%%
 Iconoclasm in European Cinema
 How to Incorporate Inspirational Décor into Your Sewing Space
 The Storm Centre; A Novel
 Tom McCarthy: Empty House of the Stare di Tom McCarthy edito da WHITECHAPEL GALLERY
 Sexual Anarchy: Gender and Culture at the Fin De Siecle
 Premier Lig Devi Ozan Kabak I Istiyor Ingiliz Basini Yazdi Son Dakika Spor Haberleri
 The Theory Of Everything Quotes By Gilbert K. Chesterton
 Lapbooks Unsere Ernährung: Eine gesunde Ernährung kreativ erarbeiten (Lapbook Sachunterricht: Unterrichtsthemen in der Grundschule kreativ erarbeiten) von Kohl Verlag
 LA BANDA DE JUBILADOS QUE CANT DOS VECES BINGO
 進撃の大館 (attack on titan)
%%
%%
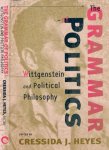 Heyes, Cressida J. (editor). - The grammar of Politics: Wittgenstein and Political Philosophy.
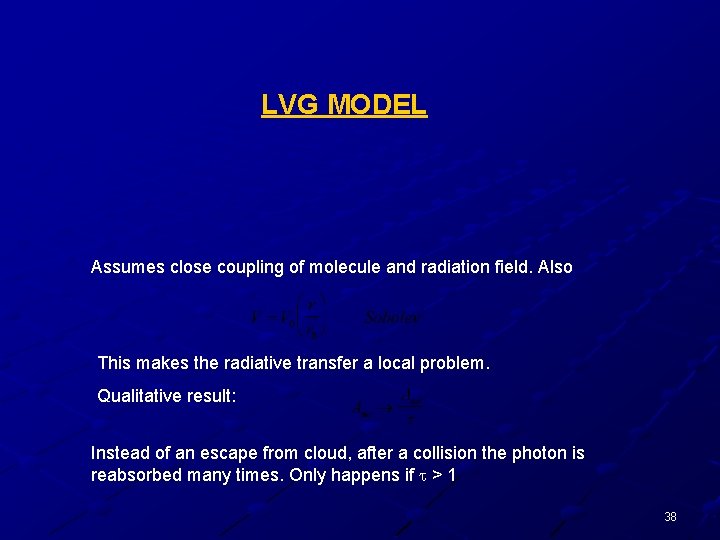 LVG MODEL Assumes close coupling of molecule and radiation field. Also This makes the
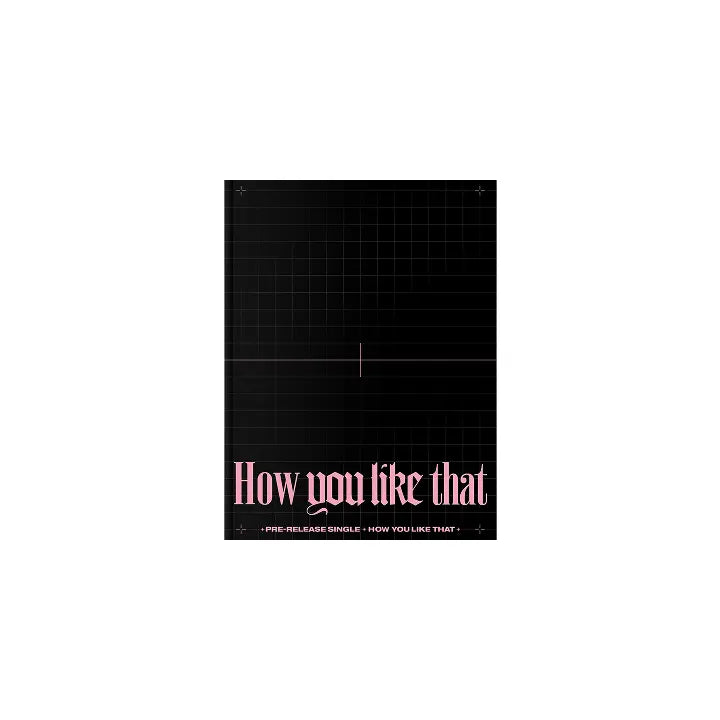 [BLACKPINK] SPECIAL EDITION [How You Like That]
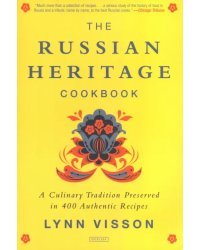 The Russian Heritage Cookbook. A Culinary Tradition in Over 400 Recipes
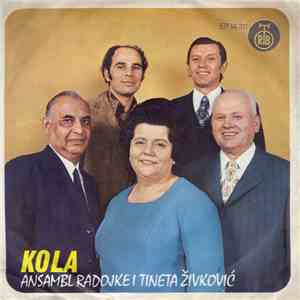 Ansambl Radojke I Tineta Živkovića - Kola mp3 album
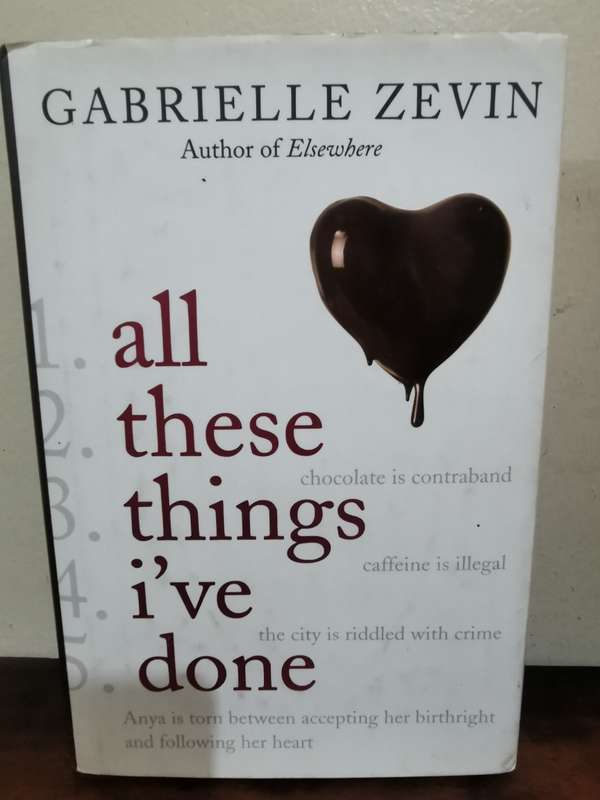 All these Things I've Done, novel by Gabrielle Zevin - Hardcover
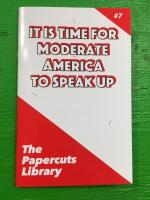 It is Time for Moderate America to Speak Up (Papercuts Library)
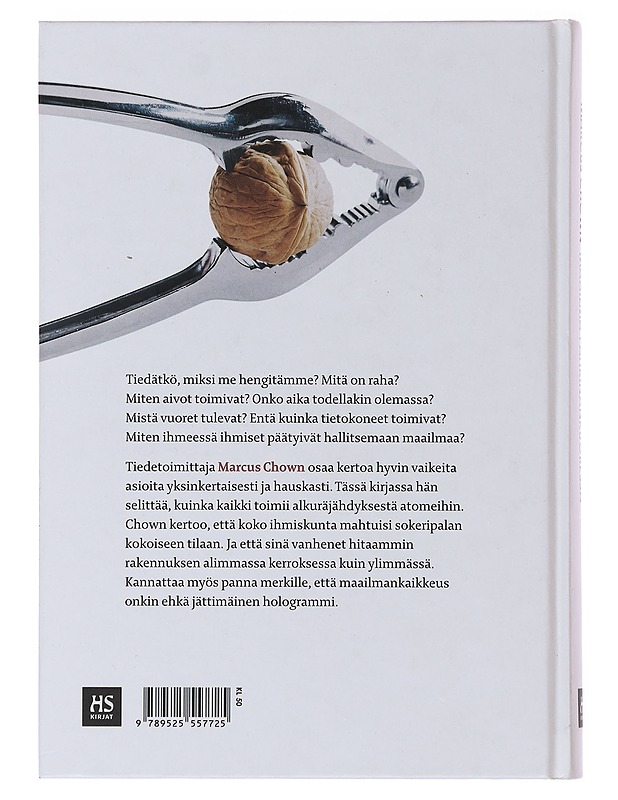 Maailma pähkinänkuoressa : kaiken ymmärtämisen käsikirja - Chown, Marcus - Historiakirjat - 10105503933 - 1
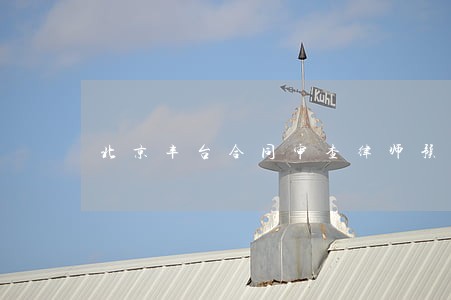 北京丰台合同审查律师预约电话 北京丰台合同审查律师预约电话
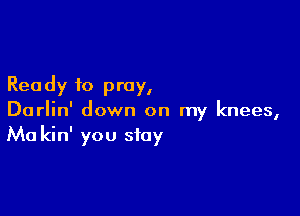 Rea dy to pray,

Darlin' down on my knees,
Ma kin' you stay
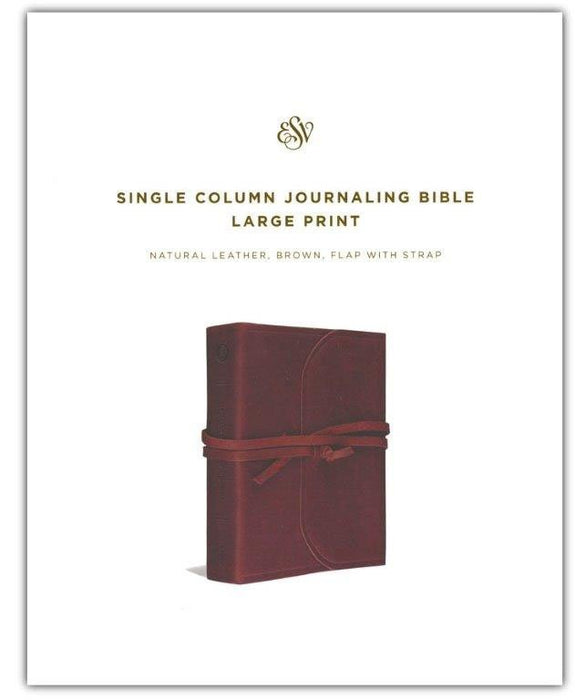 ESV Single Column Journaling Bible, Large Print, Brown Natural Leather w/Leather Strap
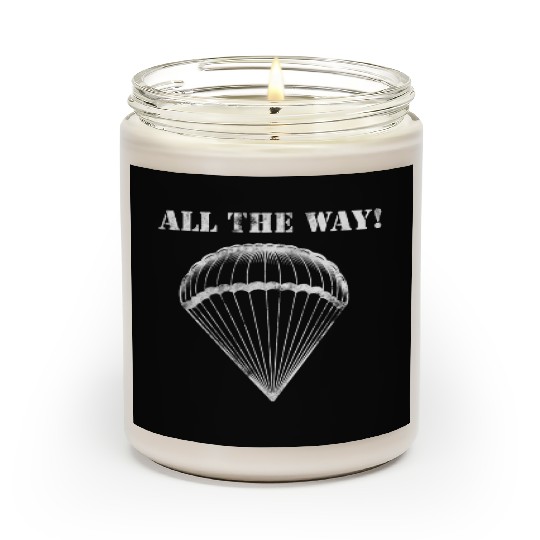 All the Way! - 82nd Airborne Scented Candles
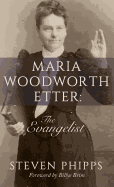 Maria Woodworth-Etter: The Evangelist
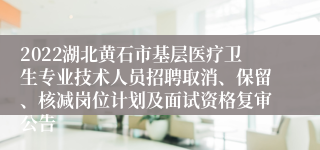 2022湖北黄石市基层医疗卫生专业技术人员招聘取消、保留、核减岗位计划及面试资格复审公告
%%
## WHAT IS NEEDED
Please reproduce, exactly as they appear above, the lines from the line containing "Premier Lig Devi" up to and including the line containing "進撃の大館 (attack on titan)".

## ANSWER BELOW
 Premier Lig Devi Ozan Kabak I Istiyor Ingiliz Basini Yazdi Son Dakika Spor Haberleri
 The Theory Of Everything Quotes By Gilbert K. Chesterton
 Lapbooks Unsere Ernährung: Eine gesunde Ernährung kreativ erarbeiten (Lapbook Sachunterricht: Unterrichtsthemen in der Grundschule kreativ erarbeiten) von Kohl Verlag
 LA BANDA DE JUBILADOS QUE CANT DOS VECES BINGO
 進撃の大館 (attack on titan)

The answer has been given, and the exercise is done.